Court of Appeal of California
Jul 30, 2008
No. B196181 (Cal. Ct. App. Jul. 30, 2008)

Opinion

B196181

7-30-2008

MARGOT PALAZZO LLC et al., Plaintiffs and Appellants, v. LOS ANGELES UNIFIED SCHOOL DISTRICT et al., Defendants and Respondents.

Zelig & Associates and Steven L. Zelig for Plaintiffs and Appellants Margot Palazzo LLC and MayfieldNM LLC. Christensen, Glaser, Fink, Jacobs, Weil & Shapiro, Kerry Garvis Wright, Elizabeth G. Chilton and Allison S. Hyatt for Defendants and Respondents Los Angeles Unified School District, Clayton Springfield, Roy Romer, Dan M. Isaacs, Charles Burbridge, Richard Knott, Sonia White, Maruch Atienza and Ken Furuya.

Not to be Published


MayfieldNM LLC (Mayfield) and Margot Palazzo LLC (Palazzo) sued the Los Angeles Unified School District (LAUSD) and various individual defendants concerning Mayfields and Palazzos requests for refunds of portions of certain fees they had paid to LAUSD. The trial court sustained without leave to amend defendants demurrer to eight of plaintiffs nine causes of action, and the court later granted defendants motion for summary judgment on the remaining cause of action. Mayfield and Palazzo appeal, and we reverse in part.

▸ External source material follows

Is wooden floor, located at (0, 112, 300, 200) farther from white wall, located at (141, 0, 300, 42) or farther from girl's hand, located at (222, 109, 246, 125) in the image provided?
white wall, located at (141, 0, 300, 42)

Palazzo was erroneously named in plaintiffs pleadings as "Wilshire Margot Apartments, LLC." The trial court later allowed Palazzo to substitute as the proper plaintiff, and defendants do not challenge that ruling.

BACKGROUND

Our factual summary is drawn from the allegations of the first amended complaint, the evidence introduced on defendants motion for summary judgment, and documents of which the trial court took judicial notice, none of which is challenged on appeal.

On or about November 9, 2004, Mayfield applied for and obtained a building permit for the development of property in the City of Los Angeles (City). The City imposed $232,540.11 in "developer fees" (also known as "school facilities fees"), which are used to fund and offset the cost of new school facilities made necessary by new construction. At that time, the City informed Mayfield in writing that all "`[r]equests for refunds must be received by the developer fee program within 90 days after payment of fees." Also, on November 12, 2004, Mayfields manager signed a written acknowledgement of the 90-day deadline for refund requests. The City did not, however, inform Mayfield of the deadline for filing a lawsuit to challenge the fees.

On February 3, 2005, Mayfield sent LAUSD a letter requesting a refund of $109,000. An employee of LAUSD later told Mayfields manager that such requests take several months to process and advised him to resend the request. Mayfield did send the request again and followed up with LAUSD several times in the ensuing months. On or about July 13, 2005, LAUSD rejected the request.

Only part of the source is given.